The ministry said in a statement Thursday the allegations showed that certain groups were attempting to tarnish the image and ridicule the commission as an independent body that regulates the country's Internet facilities and content.
"The ministry takes a serious view of the incorrect and baseless accusations. The commission acts based on the powers provided under the Communications and Multimedia Act 1998," according to the statement, published in a report by the national news agency Bernama.
It noted that regulatory measures undertaken by the MCMC, Malaysia's ICT regulator, had always been "transparent, fair and balanced".
"In fact, the commission is an agency that upholds and protects government policies. This has been proven because to date, Malaysia is among the countries that do not impose any restriction on the Internet, except for Web sites that contain pornography, threats to the national security and fraud," the ministry said. It confirmed that certain sites had been closed through legal processes, in line with provisions under the Communications and Multimedia Act.

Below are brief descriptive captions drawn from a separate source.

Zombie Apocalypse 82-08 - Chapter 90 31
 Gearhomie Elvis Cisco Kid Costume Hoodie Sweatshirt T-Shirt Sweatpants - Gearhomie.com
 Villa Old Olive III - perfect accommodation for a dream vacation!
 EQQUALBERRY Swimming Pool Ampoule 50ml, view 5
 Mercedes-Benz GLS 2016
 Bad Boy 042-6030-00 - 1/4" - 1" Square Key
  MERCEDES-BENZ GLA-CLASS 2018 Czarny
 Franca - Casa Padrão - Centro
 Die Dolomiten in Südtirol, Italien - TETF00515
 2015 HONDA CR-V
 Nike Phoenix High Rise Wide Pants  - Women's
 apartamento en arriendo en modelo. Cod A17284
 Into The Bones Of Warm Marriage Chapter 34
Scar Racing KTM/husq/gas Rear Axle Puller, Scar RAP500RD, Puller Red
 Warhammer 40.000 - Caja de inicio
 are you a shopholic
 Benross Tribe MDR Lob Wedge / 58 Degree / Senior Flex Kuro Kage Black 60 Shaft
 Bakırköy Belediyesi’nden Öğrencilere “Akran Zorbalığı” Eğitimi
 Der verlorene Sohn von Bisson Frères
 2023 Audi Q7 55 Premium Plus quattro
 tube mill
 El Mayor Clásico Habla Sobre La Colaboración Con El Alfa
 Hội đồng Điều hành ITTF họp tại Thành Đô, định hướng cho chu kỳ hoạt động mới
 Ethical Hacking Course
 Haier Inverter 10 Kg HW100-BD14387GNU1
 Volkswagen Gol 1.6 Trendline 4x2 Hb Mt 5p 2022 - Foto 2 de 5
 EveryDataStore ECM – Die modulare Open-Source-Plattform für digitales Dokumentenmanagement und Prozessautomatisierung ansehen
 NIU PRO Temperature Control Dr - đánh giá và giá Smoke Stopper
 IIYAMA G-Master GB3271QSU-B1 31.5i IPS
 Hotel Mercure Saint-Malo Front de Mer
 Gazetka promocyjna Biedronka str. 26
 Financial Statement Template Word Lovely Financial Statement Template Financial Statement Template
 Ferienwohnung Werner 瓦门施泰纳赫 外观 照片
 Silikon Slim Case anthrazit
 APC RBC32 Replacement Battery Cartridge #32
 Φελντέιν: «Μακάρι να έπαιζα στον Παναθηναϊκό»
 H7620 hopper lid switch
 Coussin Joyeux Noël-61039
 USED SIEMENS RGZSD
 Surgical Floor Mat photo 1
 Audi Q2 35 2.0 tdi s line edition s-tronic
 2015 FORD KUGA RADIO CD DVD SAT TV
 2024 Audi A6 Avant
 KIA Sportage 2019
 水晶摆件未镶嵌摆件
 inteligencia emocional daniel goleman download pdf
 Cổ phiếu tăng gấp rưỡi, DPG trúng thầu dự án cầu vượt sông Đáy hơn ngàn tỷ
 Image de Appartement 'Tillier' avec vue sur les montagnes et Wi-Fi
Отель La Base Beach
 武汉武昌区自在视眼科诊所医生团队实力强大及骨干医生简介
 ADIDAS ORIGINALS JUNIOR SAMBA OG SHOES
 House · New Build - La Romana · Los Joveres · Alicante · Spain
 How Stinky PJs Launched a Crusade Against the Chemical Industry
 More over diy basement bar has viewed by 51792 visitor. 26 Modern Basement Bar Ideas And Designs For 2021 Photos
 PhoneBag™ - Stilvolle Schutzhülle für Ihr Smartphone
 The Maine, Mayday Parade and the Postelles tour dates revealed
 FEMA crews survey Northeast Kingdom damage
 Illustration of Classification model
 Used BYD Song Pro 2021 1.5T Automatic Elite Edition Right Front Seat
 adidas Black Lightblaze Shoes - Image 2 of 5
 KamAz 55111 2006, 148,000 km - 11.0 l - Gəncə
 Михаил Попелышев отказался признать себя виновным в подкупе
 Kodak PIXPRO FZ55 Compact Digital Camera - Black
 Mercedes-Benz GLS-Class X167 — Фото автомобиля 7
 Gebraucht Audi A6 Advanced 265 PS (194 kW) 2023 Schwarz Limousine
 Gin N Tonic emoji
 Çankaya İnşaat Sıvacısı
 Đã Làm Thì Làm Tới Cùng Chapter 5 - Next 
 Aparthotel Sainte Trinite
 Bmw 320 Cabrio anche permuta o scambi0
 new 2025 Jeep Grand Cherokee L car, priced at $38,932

The ministry said comments by owners of Web sites that had accused the MCMC of purportedly closing down their sites and acting like Gestapo were "slanderous". "What had occurred on the day in question was a technical disruption that resulted in the Web sites concerned to be inaccessible to the public," it said.
It further advised these sites to refrain from writing articles not based on facts and that were slanderous, and called on the public not to be influenced by unfounded accusations.
The ministry did not specify the sites it referred to in its statement but in the past month, the MCMC has been accused of pulling the plug on Malaysia Today, a blog known for its anti-government stand.
The Commission had also been investigating online political news portal Malaysiakini over the posting of two allegedly offensive video clips. The political news site later refused to comply with a Sep. 3 order issued by the MCMC to remove the videos.
The investigation had generated a deluge of negative publicity for the government, including statements from international lobby groups describing the MCMC's action against Malaysiakini as "harassment".
Lee Min Keong is a freelance IT writer based in Malaysia.